The `stopId` field contains the ID of the stop that you provided. `stopName` contains the full name for that stop. The remainder of the response is contained in the `departures` array. Each departure has the following data fields:

- `lineColour`: a string containing the HTML colour code for the line that the bus is on. The buses run on colour coded lines, each line may contain up to three or four route numbers and all buses on the same line colour head in roughly the same direction.
- `line`: a string containing the name of the line that the bus is on. This is lowercase. See later in this document for a list of possible values.
- `routeNumber`: a string containing the route number.
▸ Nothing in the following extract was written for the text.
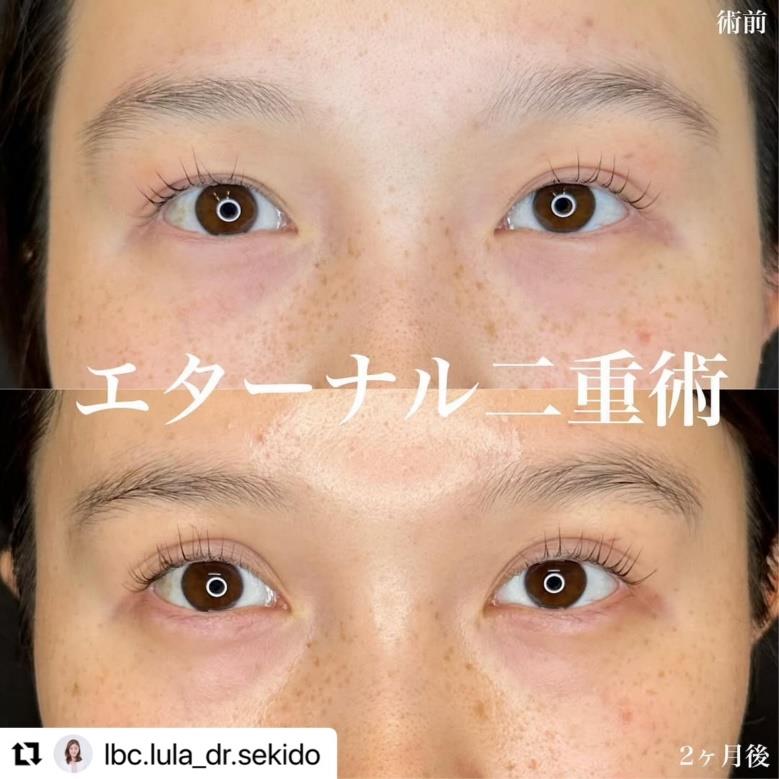 双眼皮手术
It's a string not a number because some routes have letters in them e.g. `N1`, `59A`, `1C`, `69X`.
- `destination`: where the bus route terminates / where the bus is headed to. This is a string.
- `expected`: when the bus is expected to arrive at the stop. This is a string value that takes one of two forms: ` mins` or `:` with the hours in 24 hour format.
- `expectedMins`: the number of minutes until the bus is expected to arrive at the stop. This will be an integer number, and `0` if the bus is due at the stop now.
- `isRealTime`: is a boolean that will be `true` if this departure is a real time estimate (the bus has tracking on it) or `false` otherwise... the bus either doesn't have tracking or hasn't started on the route yet, so timetable information is shown instead.

### Filtering / Limiting Data Returned

There are various ways in which you can filter and limit the data returned. These are all specified using extra parameters on the request, and can be combined together in a single request.
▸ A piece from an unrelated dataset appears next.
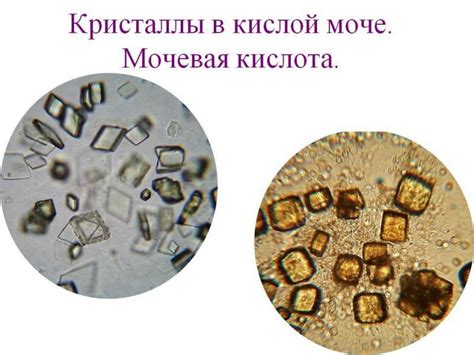 Диагностика кристаллов в моче: основные методы и их надежность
Use the filters by adding additional request parameters:

- `line` - to filter by a specific line colour using the line's name e.g. `&line=yellow`. Valid values for `line` are (note these are case sensitive):
- `brown`
- `green`
- `red`
- `pink`
- `turquoise`
- `orange`
- `skyblue`
- `lilac`
- `yellow`
- `purple`
- `navy`
- `grey`
- `blue`
- `lime`
- `lineColour` - to filter by a specific line colour using the line's HTML colour code e.g. `&lineColour=#3FCFD5`. Valid values for `lineColour` are (note these are case sensitive):
- `#935E3A` (brown)
- `#007A4D` (green)
- `#CD202C` (red)
- `#DA487E` (pink)
- `#3FCFD5` (turquoise)
- `#E37222` (orange)
- `#6AADE4` (skyblue)
- `#C1AFE5` (lilac)
- `#FED100` (yellow)
- `#522398` (purple)
- `#002663` (navy)
- `#B5B6B3` (grey)
- `#00A1DE` (blue)
- `#92D400` (lime)
- `routeNumber` - to filter by a specific route number. This will also return variants of that route number for example `&routeNumber=69` will return `69`, `69A`, `69X` etc. `&routeNumber=69X` will only return `69X`.
- `realTimeOnly` - set to true to return only departures that have real time estimates (where the bus is reporting its live location). Example: `&realTimeOnly=true`. Note: Setting `realTimeOnly` to any value whatsover turns on this filter.
- `maxWaitTime` - use to filter departures that are due in the next so many minutes. Example: `&maxWaitTime=10`.
- `maxResults` - only return the first so many results (or fewer if there aren't that many matches). To get the first 5: `&maxResults=5`.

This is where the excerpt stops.